In a case of first impression, a federal district court in Massachusetts found that a person's ZIP code is “personal identification information” (PII) under a Massachusetts law (Mass. Gen. L. 93-105(a)) which prohibits retailers from collecting PII during a credit card transaction if the credit card issuer does not require such disclosure. Tyler v. Michaels Stores, Inc., 2012 WL 32208 (D. Mass.; Jan. 6, 2012).
The plaintiff in Tyler purchased arts and crafts supplies at national retailer Michaels. When asked to provide her zip code during check-out, she provided it because she incorrectly believed she had to provide it to complete the transaction. However, in the complaint Tyler alleged that Michaels collects zip codes for the sole purpose of locating a customer’s address and phone number from commercially available databases to send marketing materials.

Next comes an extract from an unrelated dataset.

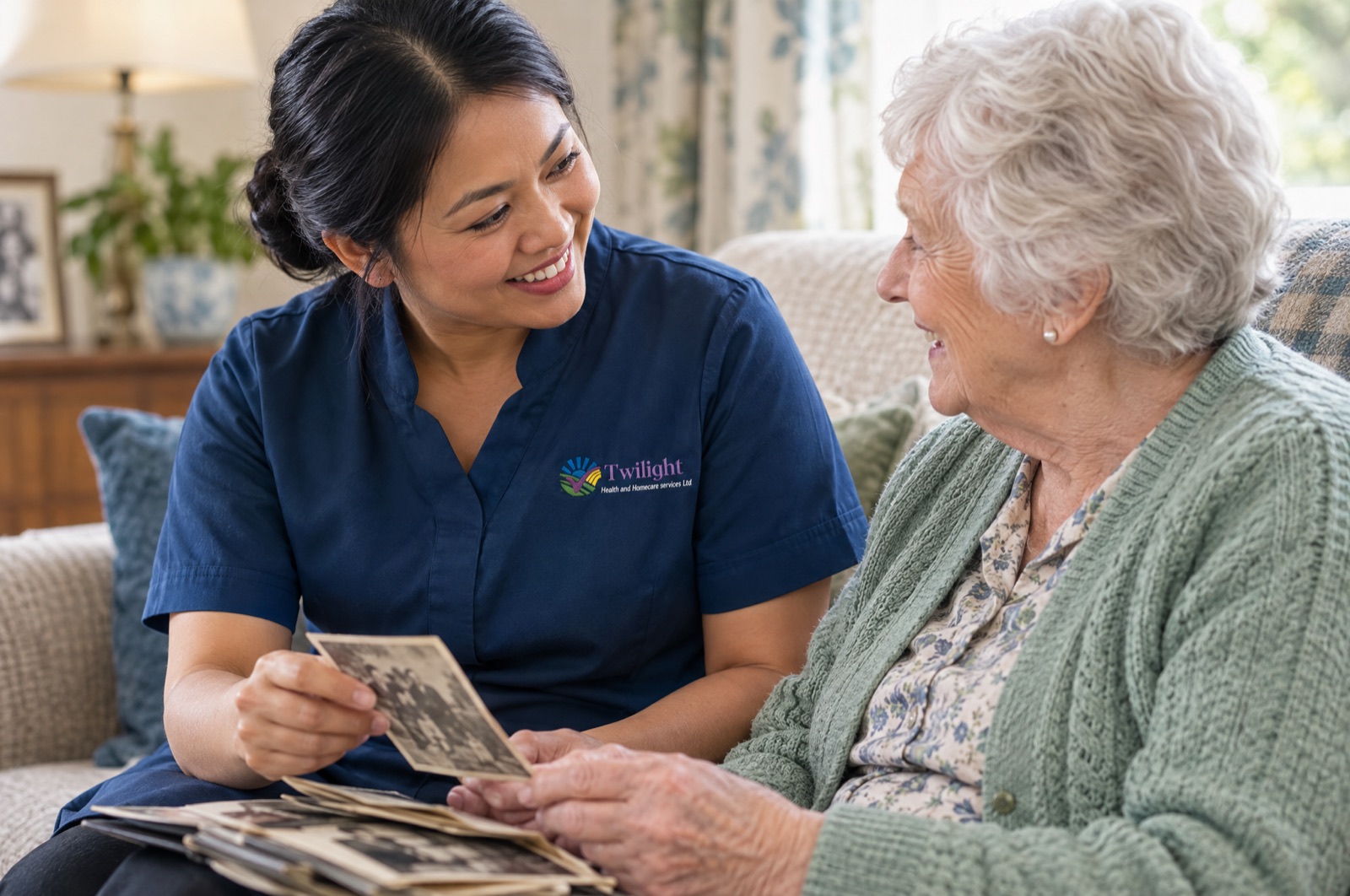 Asian heritage Twilight carer in a twilight-blue uniform sharing memories with an older woman during a home visit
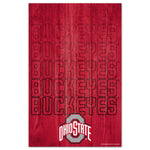 Ohio State Buckeyes WORD WATERFALL Wood Sign 11" x 17" 1/4" thick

The court held that a zip code falls within the definition of "personal identification information." However, the court dismissed the complaint because the plaintiff did not suffer any cognizable injury as a result of the violation. According to the court, the failure to comply with the statutory standard, without more, did not constitute an injury. Further, the court refused to find that the Massachusetts consumer protection statute created a legally protected privacy interest in not having consumer's PII deceptively taken as part of a credit card transaction because the main goal of the statute was to prevent fraud, not protect privacy. For the same reason, the court refused to recognize that receiving unwanted commercial mail is an injury cognizable under the Massachusetts statute at issue.